Larry n’avait vu aucun intérêt à vivre au bout d’une laisse. S’il était incapable de quitter le bâtiment, à quoi bon dans ce cas des jambes factices ? Aussi, la chaise de Larry faisait-elle partie intégrante de Larry. Elle n’avait pas de dossier. Disons qu’il avait poussé dessus, plante posée devant sa console. Bizarre pièce d’échecs.
Au-dessus de la taille, il ressemblait à un être humain normal. Je savais que c’était en grande partie une illusion. Même du temps où je l’avais connu, il n’avait plus qu’un bras à lui. Et la seule fois où j’avais pu voir son visage sans masque, c’était vraiment n’importe quoi : plus de nez, les lèvres bouffées, une seule oreille. J’ignorais quelle maladie il avait eue. Ça ne se demande pas. J’ignorais quelles parties de son corps étaient réellement organiques. Guère plus que le cerveau, sans doute. Ça non plus, ça ne se demande pas.
Personne à part moi, mon médecin et Sherman ne sait lesquels de mes organes et de mes membres sont réellement les miens et je suis très contente de laisser les choses telles quelles. Ça doit m’importer, sinon je ne vivrais pas sous le masque de cette seconde peau, à jouer les sosies d’une vedette de cinéma de l’an 2034. C’est vrai : le moi que tout le monde connaît est calqué, jusqu’à la dernière tache de rousseur, sur une reine de beauté escamotée lors d’un attentat terroriste.
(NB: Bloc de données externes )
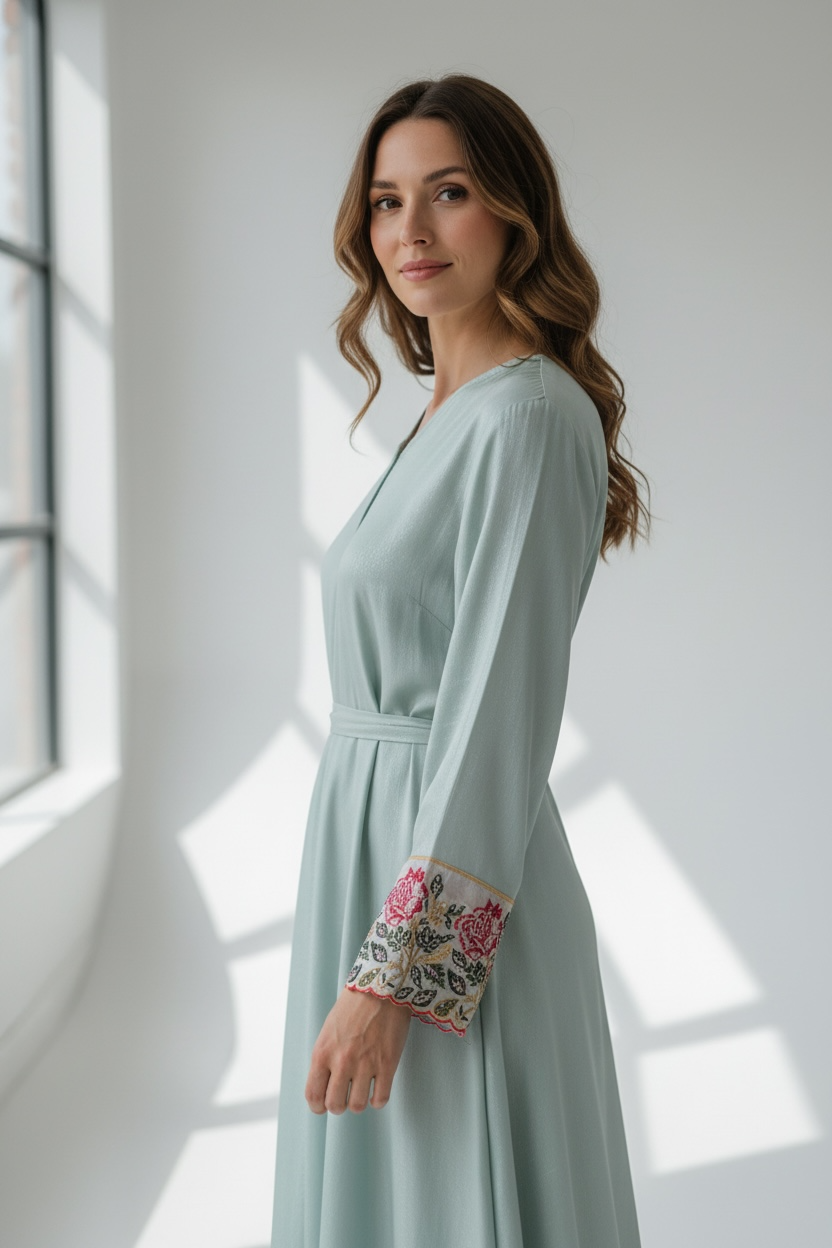Luxury Stone & Thread Work Open Abaya – Sage Green & Light Purple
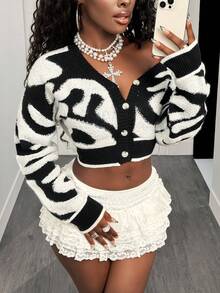 BamGleam 女士短款开衫毛衣，长袖，休闲/运动风，秋冬季，女士冬季，黑白 - 黑色 - 查看 4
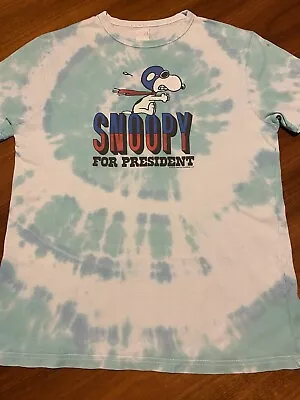Buy TSPTR Peanuts Snoopy For President Custom Tie-dyed T Shirt White Blue Green Sz L • 3£
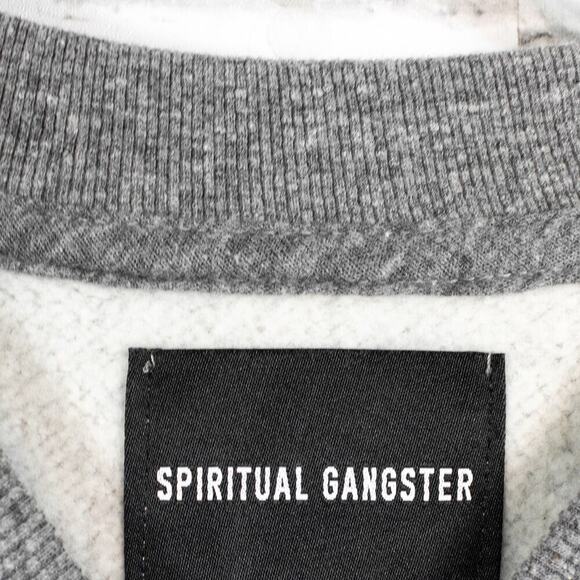 Spiritual Gangster Heather Gray Monogram Embroidered Pullover Sweatshirt Medium - Picture 6 of 7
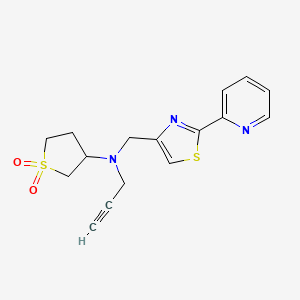 molecular formula C16H17N3O2S2 B3013554 3-[(Prop-2-yn-1-yl)({[2-(pyridin-2-yl)-1,3-thiazol-4-yl]methyl})amino]-1lambda6-thiolane-1,1-dione CAS No. 1427788-32-6
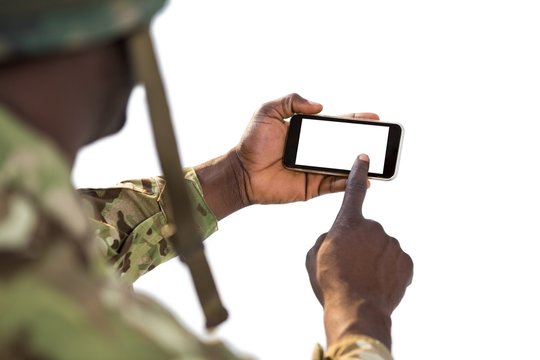 Soldier Using A Mobile Phone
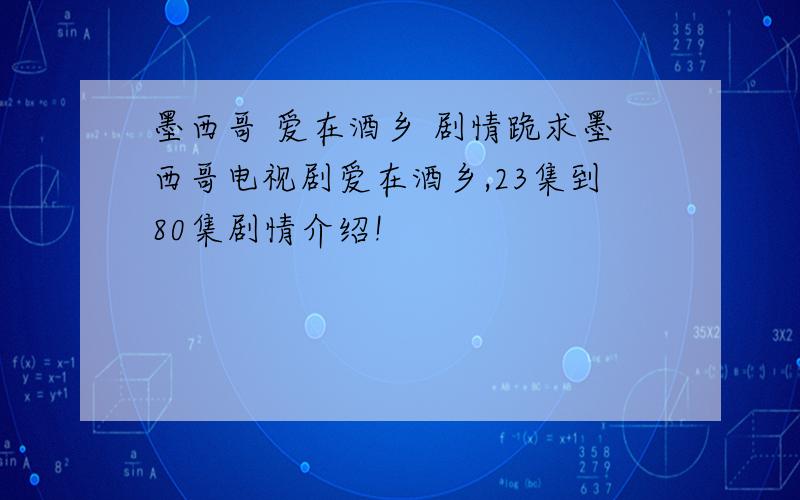 墨西哥 爱在酒乡 剧情跪求墨西哥电视剧爱在酒乡,23集到80集剧情介绍!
Assise là en compagnie de Lany, lors d’un de mes rares moments de calme, je compris brusquement que lorsque je serai devenue incapable de supporter mes prothèses, je n’aurai plus qu’à le copier. Alors adieu le temps des mensonges de la séduction. L’heure serait venue de me voir enfin telle que je suis, de voir ce que nous représentons tous en réalité, ici, au sein de cet avenir radieux :
Les Derniers Âges.
Je me levai et quittai lentement le centre de contrôle. Je trouvai quelques vêtements, m’habillai, et pris un petit déjeuner au distributeur dans les vestiaires de l’équipe d’escamotage, assise, méditative. Je me rendis compte que la journée ne faisait que commencer.
Jusqu’à présent, elle avait été tout ce qu’il y a de plus typique.
Témoignage de Bill Smith.
Le pilote de l’hélico m’apprit que Roger Keane avait déjà passé trois heures sur le site du DC-10.
Je ne savais plus très bien quoi décider. Nous avions deux gros appareils séparés de trente kilomètres et sept personnes pour commencer l’enquête. Et ce que je voyais en dessous de moi n’était guère encourageant. Faute de meilleures indications, je me retournai vers mon équipe pour mettre la décision aux voix.